Southeastern Section - 73rd Annual Meeting - 2024

Paper No. 1-9
Presentation Time: 11:05 AM

SQUEEZING BLOOD (OR ZIRCONS) FROM A STONE: A SILURIAN U-PB ZIRCON AGE FOR MAFIC METAVOLCANIC ROCKS CONSTRAINS TIMING OF SUPRASUBDUCTION ZONE TECTONICS, SUCCESSOR BASIN FORMATION, AND METAMORPHISM IN THE SOUTHERN APPALACHIAN BLUE RIDGE


HOLM-DENOMA, Christopher1, BARINEAU, Clinton2, TULL, James F.3, SMITH, Valarie4 and PIANOWSKI, Laura1, (1)U.S. Geological Survey, Geology, Geophysics, and Geochemistry Science Center, Denver Federal Center, Denver, CO 80225, (2)Earth and Space Sciences, Columbus State University, 4225 University Ave, Columbus, GA 31907, (3)Florida State UniversityEarth, Ocean, and Atmospheric Science, 509 EOAS Building, Tallahassee, FL 32306-0001, (4)Department of Natural Sciences and Mathematics, Shorter University, 315 Shorter Ave, Rome, GA 30165

The Marble Hill Hornblende Schist (MHHS) is a stratabound unit found at the base of the youngest cover sequence in the polydeformed and metamorphosed southern Appalachian western Blue Ridge.
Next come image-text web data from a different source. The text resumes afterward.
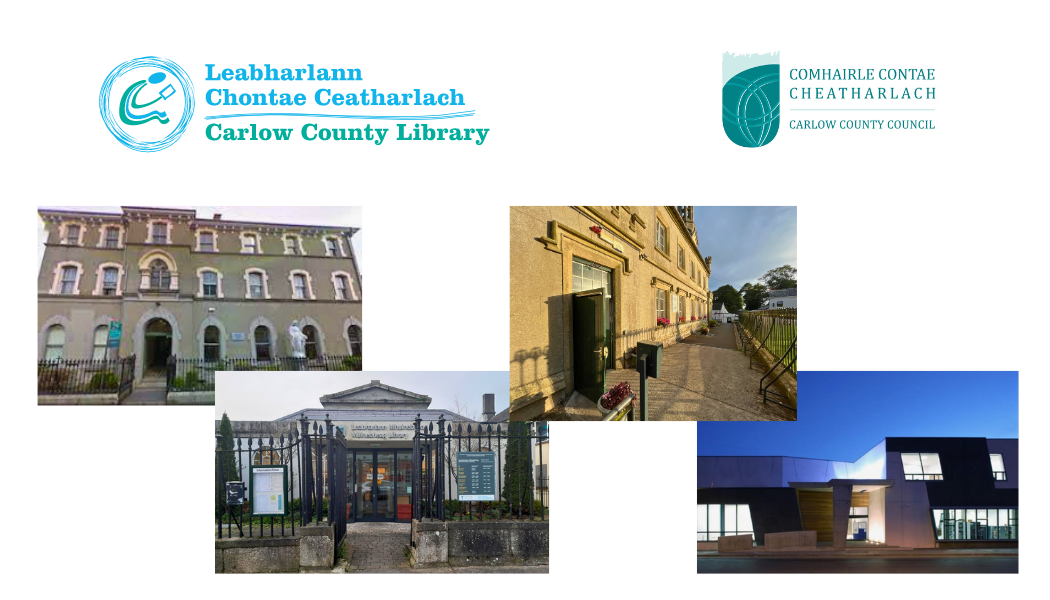 Carlow County Council Library Service Development Plan 20242028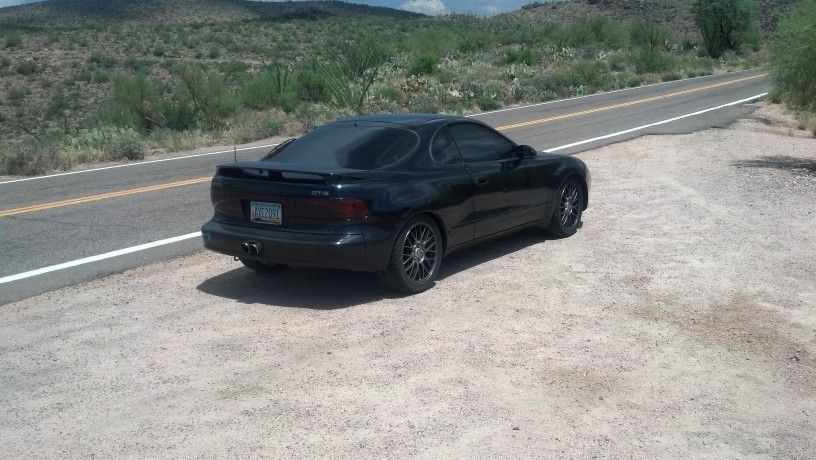 1990 Toyota Celica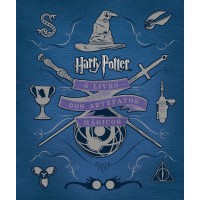Harry Potter: O livro dos artefatos mágicos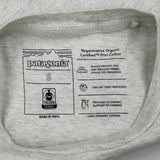 Patagonia Graphic T-Shirt - Small Brown Cotton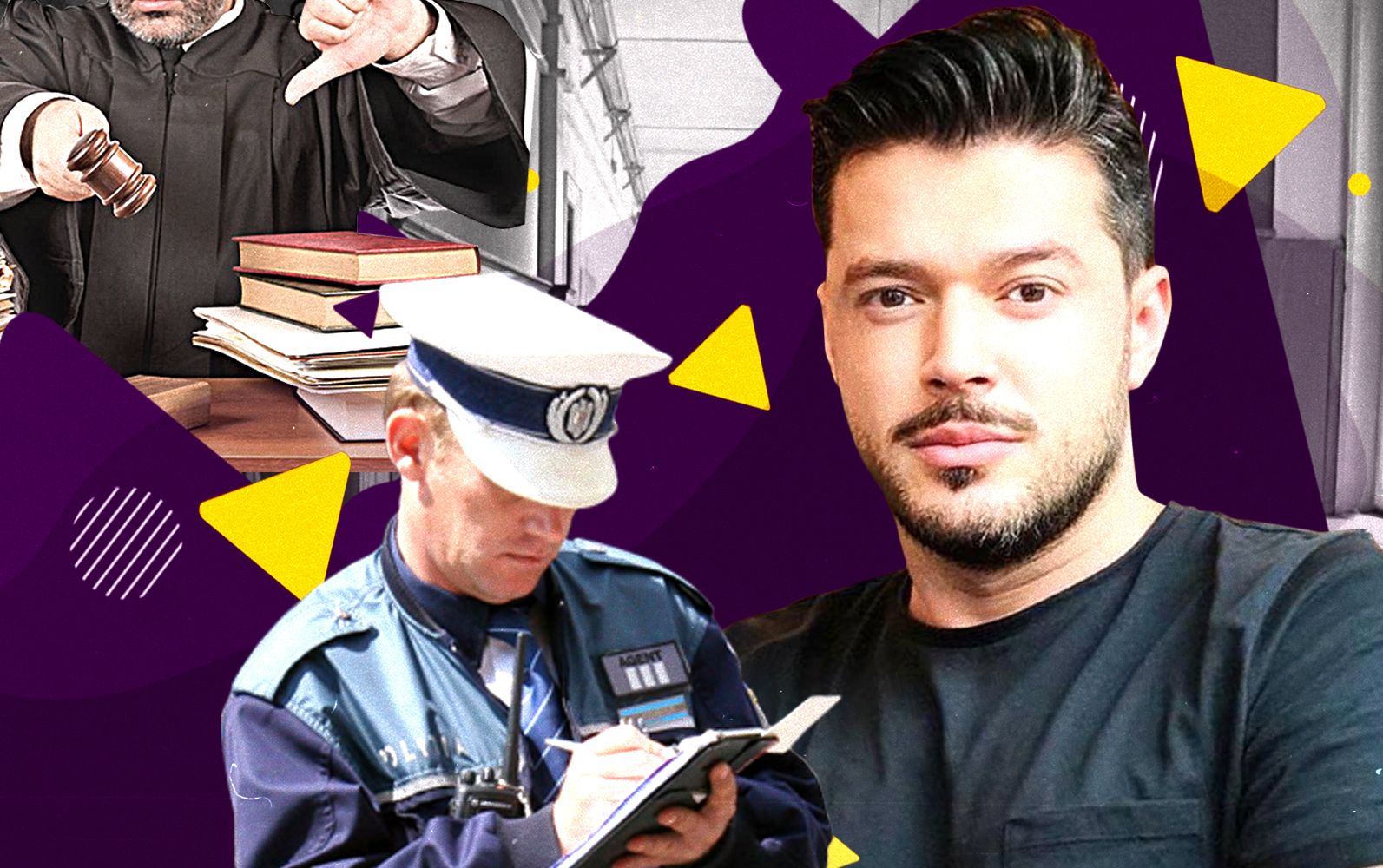 Ce au decis judecătorii in dosarul lui Victor Slav?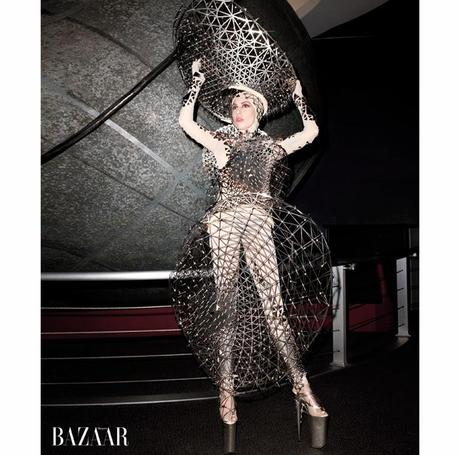 Fashion News: Haus Of Gaga & Harper's BAZAAR Charity Auction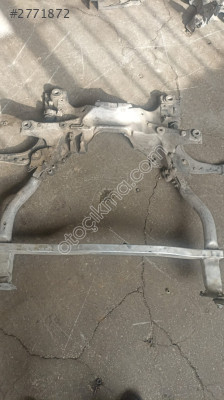 Kayhanlar Oto Çıkma Peugeot 407 Motor Traversi Parçası
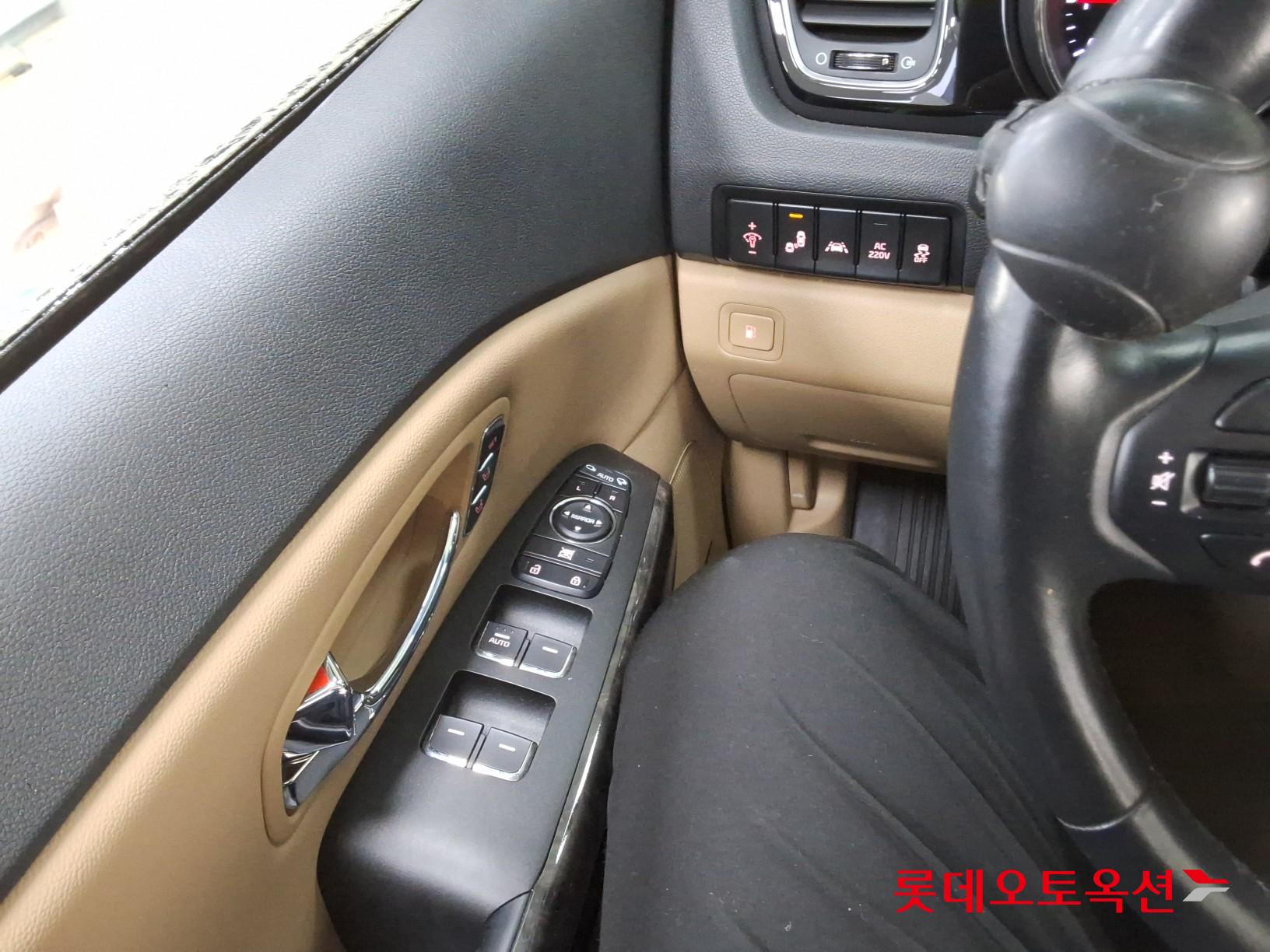 Kia New Carnival - 29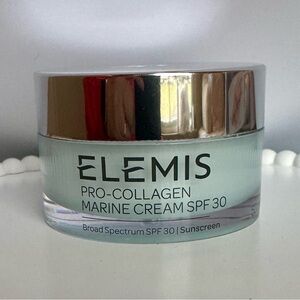 Elemis Pro-Collagen Marine Cream SPF30 Anti-Wrinkle Day Cream 1 oz NWOB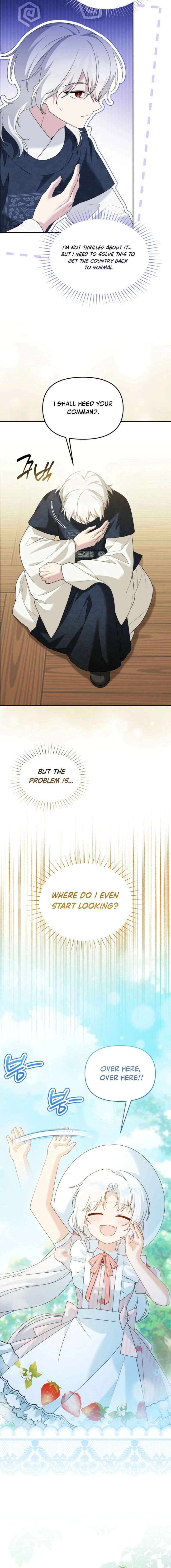 The Villain’s Daughter in law is Inherently Powerful Chapter 41 page 10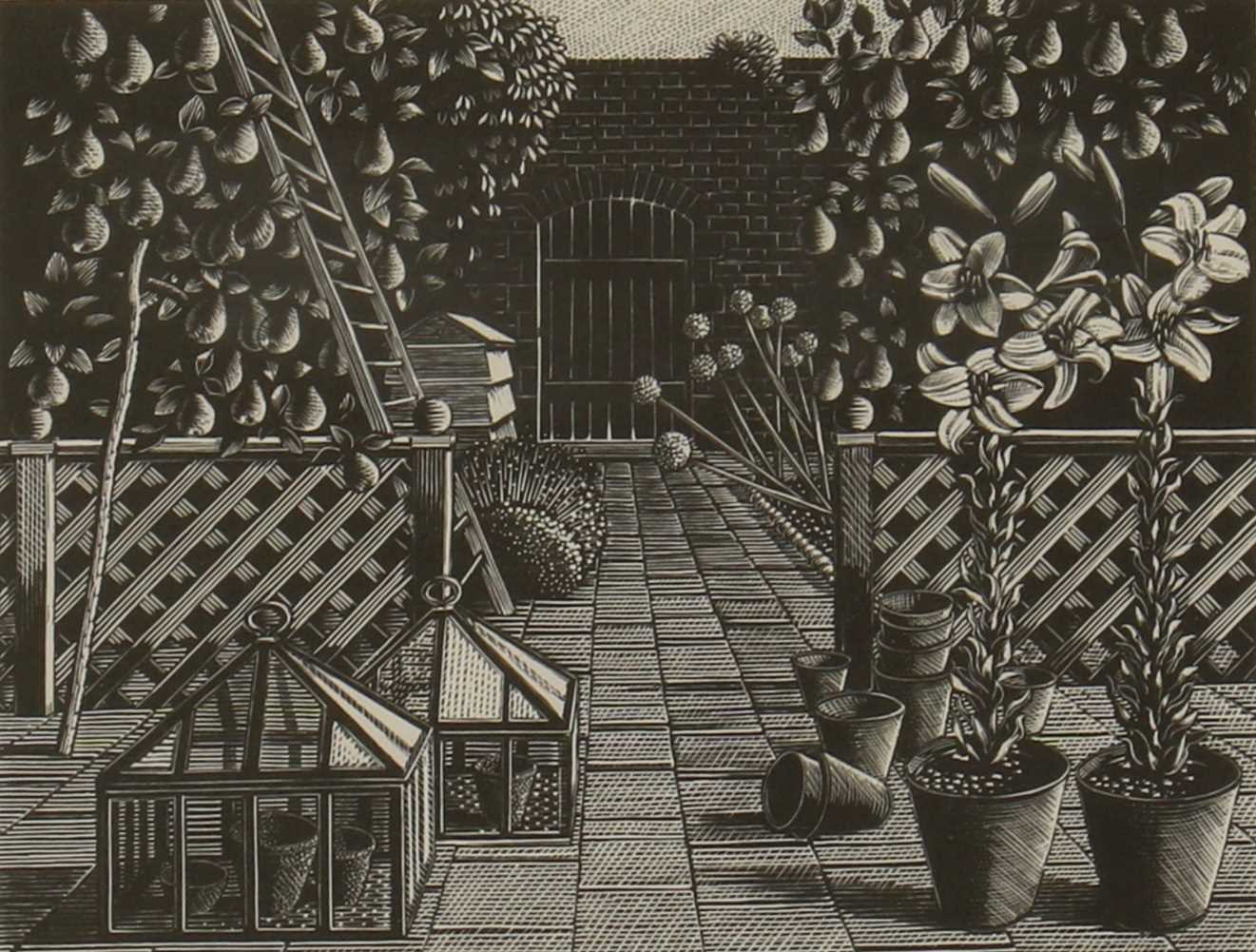 Lot 401 - John Morley (b.1942)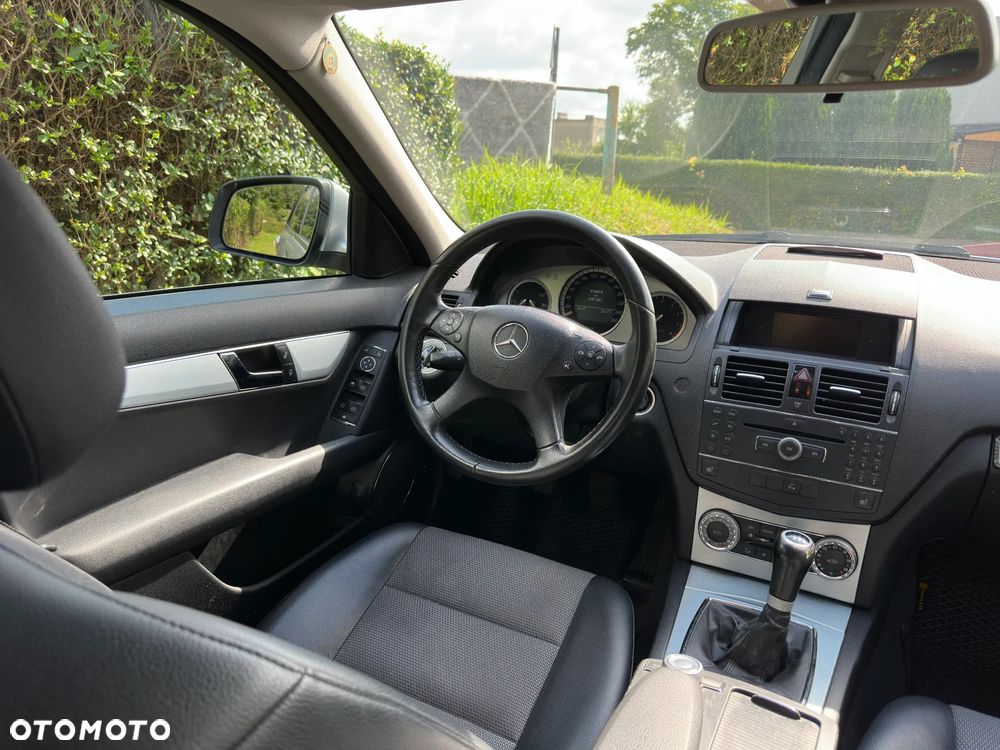 Mercedes-Benz Klasa C 200 Kompressor Avantgarde - 8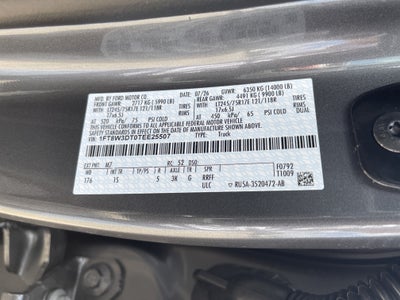 2026 Ford Super Duty F-350 DRW XL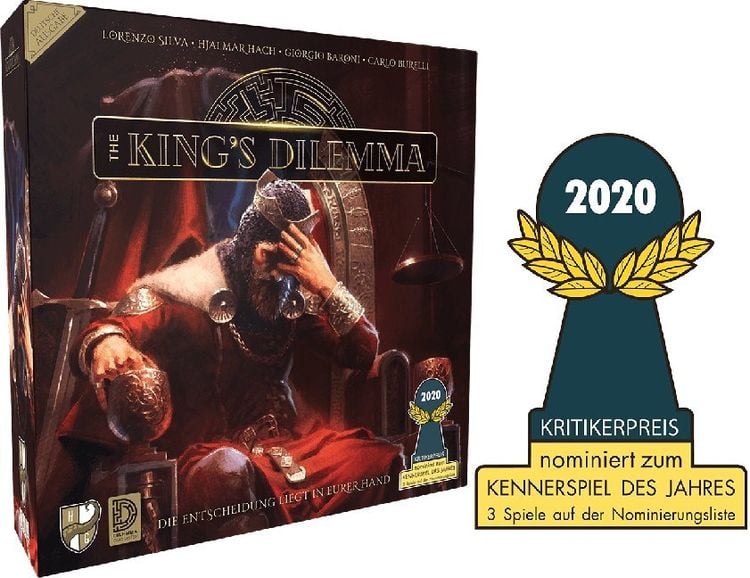 Produktbild: King's Dilemma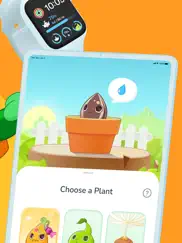 plant nanny cute water tracker ipad images 2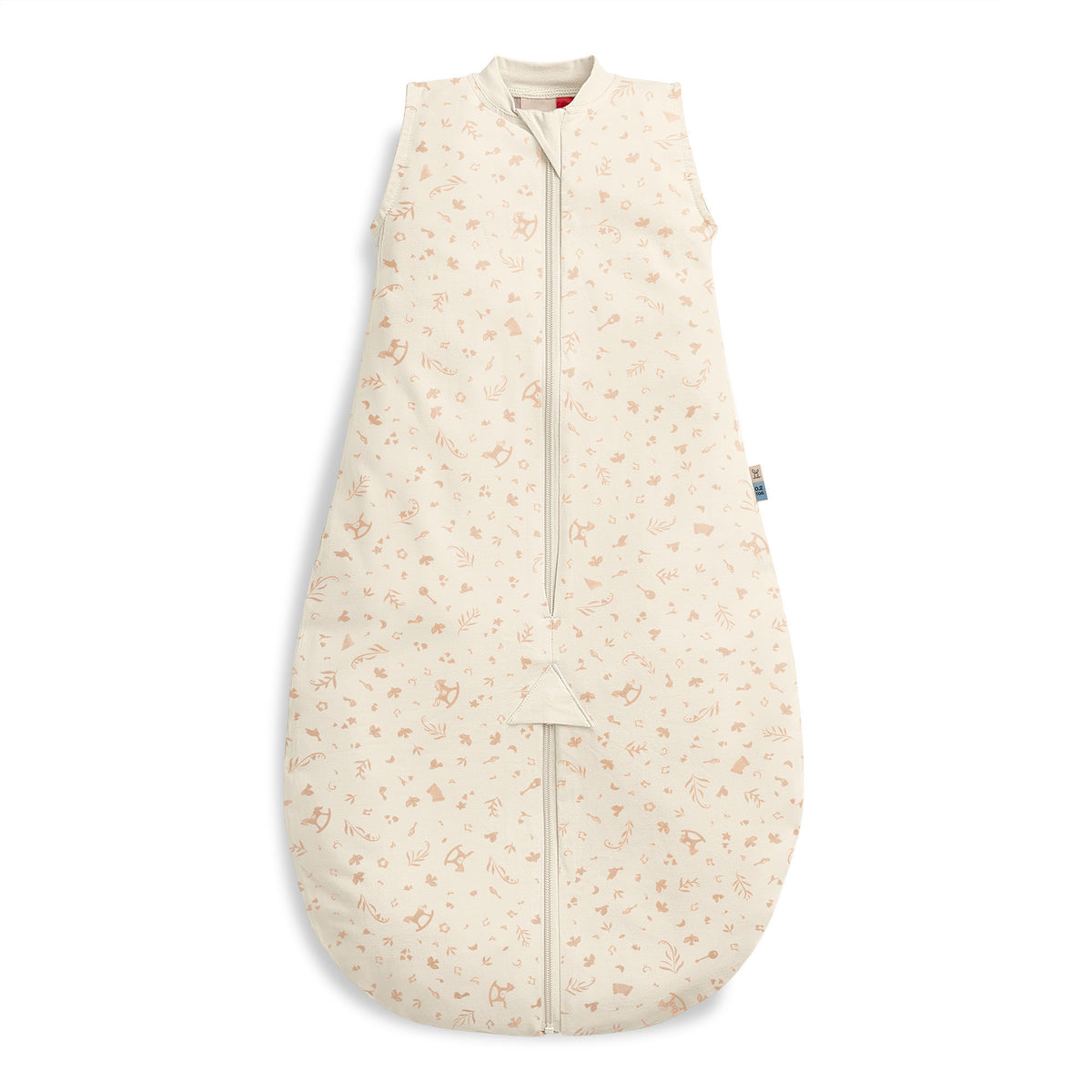 ergoPouch Sleep Suit Bag Lullaby 0.2 tog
It lies unconformably above the Laurentian margin Cambrian drift sequence (Murphy Marble and Nantahala-Brasstown Formations) at the base of the ~2.5 km thick Mineral Bluff Group (MBG) successor basin where it is in sharp, pre-metamorphic contact. The MHHS is up to 100 m thick, laminated in places with alternating plagioclase and hornblende-rich layers and in massive, less schistose portions, contains igneous textures including relict clinopyroxene.

The MHHS protolith is an alkaline basalt that has geochemical characteristics of ocean island basalt. Trace element data is similar to that of alkaline back-arc basalt fields (e.g. East China Sea/Sea of Japan)—enriched in large ion lithophile elements and elevated high field strength element concentrations.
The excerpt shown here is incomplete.